Los libros y la calle
En la infancia tardía (o en lo que creo recordar de ella), la lectura era un vicio (impune, diría el escritor Valéry Larbaud) que convenía no hacer público. La afirmación de la masculinidad parecía reclamar la vileza de la calle y la deplorable lógica de la supervivencia del macho más fuerte y más soez. Entonces, no había amigos, porque la calle era tierra de enemigos. Los amigos eran los libros, y ni siquiera ellos: era más bien un mundo ordenado, muerto (sin peligro) y, sin embargo, muy vivo (no hay nada más vivo que lo muerto).

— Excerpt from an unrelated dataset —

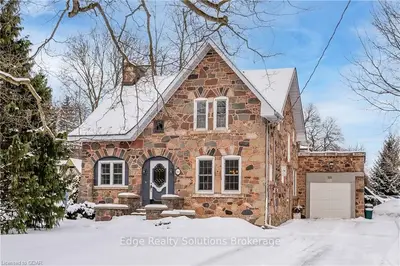361 UNION Street E, Centre Wellington, ON N1M 1W2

En todo caso, más vivo para mí que las peleas a las trompadas en la vereda. Tenía diferencias con un vecino, y mi padre, que participaba de mundo de los libros y conocía muy bien la calle, propuso que esas diferencias se dirimieran en la calle. Mi padre fue el árbitro. Yo leía en esa época la Eneida; el otro tenía un conocimiento mayor: sabía pelear. No me fue tan mal, pero perdí, en última instancia; algo que entendí porque mi padre, piadoso, interrumpió la lucha.
Una línea aparte merece el Gordo Gonzalo (¿se llamaba así?), que me escupió una tarde por no sé qué cosa. Fue peor que un puñetazo (de paso, usé una vez esa palabra, "puñetazo", y fui objeto de nuevas burlas). Yo seguía leyendo. Años después, supe que Gonzalo había muerto, drogado de quién sabe qué, y calcinado cuando se incendió el rancho en el que vivía mientras trabajaba en una estación de servicio a la vera de alguna ruta.

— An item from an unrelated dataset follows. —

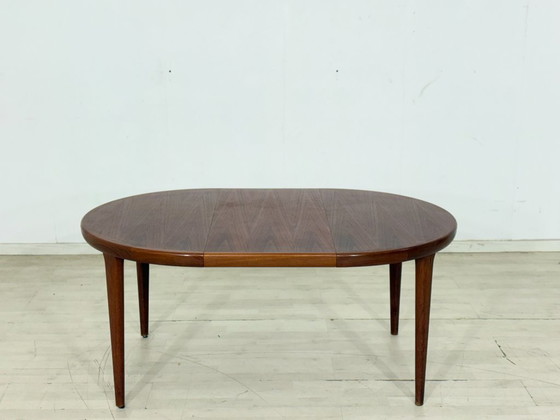 Image 1 of Deense teakhouten salontafel / Tafel in mid-century stijl / Vintage Scandinavisch design / Teakhouten salontafel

La peste vitalista nos convenció de que hay que vivir para escribir, y que lo importante no está nunca en los libros sino en la calle. No es cierto. Del mismo modo que la música dialoga con la música, los libros se escriben con los libros. ¡Ah! Pero la vida... Claro. Con el tiempo, mis amigos fueron no solamente los libros, sino quienes los escriben y quienes no los escriben, pero los leen mejor que nadie.
La calle nos solivianta únicamente en la medida en que se revierte en invención literaria. La calle nos atrae como lo contrario de lo que somos, pero un contrario que puede convertirse (por la alquimia de escribir) en lo que somos.
El título de esta columna (justamente, "Los libros y la calle") viene prestado del nombre que Edgardo Cozarinsky les puso a sus memorias de lector en la colección de la editorial Ampersand en la que ya publicaron también, entre varios, José Emilio Burucúa y Alan Pauls. En el caso de Cozarinsky, el contrabando entre esos dos mundos no sucede con beligerancia, sino casi orgánicamente. Una de mis páginas preferidas es esa en la que el conscripto Cozarinsky está leyendo una antología de Leopoldo Lugones y un suboficial (me parece recordar) le pide el ejemplar. Lee el primer verso de "Melancolía", de Los crespúsculos del jardín: "A la hora en que a la tarde le aparecen ojeras". Contesta: "Ahora entiendo el tango 'Afiches'". ¿Por qué? Muy simple: por estos versos: "Ya da la noche a la cancel/ su piel de ojera". Cozarinsky no había descubierto todavía a Roberto Goyeneche, que lo cantó mejor que nadie. Como sea, ahí estaba ya el pasaje.
Lo real no existe. Alguien tiene que inventarlo, y aquellos que lo inventan son -cosa rara- quienes menos creen en lo real. Cozarinsky, que como es de prever no tolera una pared sin libros ("Me sentiría exiliado si no viviera entre paredes cubiertas de libros"), vulneraba la ultima thule que separaba Leandro Alem de Paseo Colón para ir al bar Unión y pedir un Cuba Libre (qué cosa más inocente para nosotros, heavy drinkers). Sin embargo, ese bar, que ya no existe, persiste en Dark, un libro (¡justo!) del propio Cozarinsky.
La calle no conquistó a Cozarinsky; fue él quien la conquistó a ella. ¿Quién conquista a quién? ¿La letra a la calle o la calle a la letra? Nadie a nadie. La calle nos pierde, los libros nos salvan. Los libros nos pierden, la calle nos salva. Mejor dicho: los libros nos salvan de nosotros mismos, nuestro mayor peligro.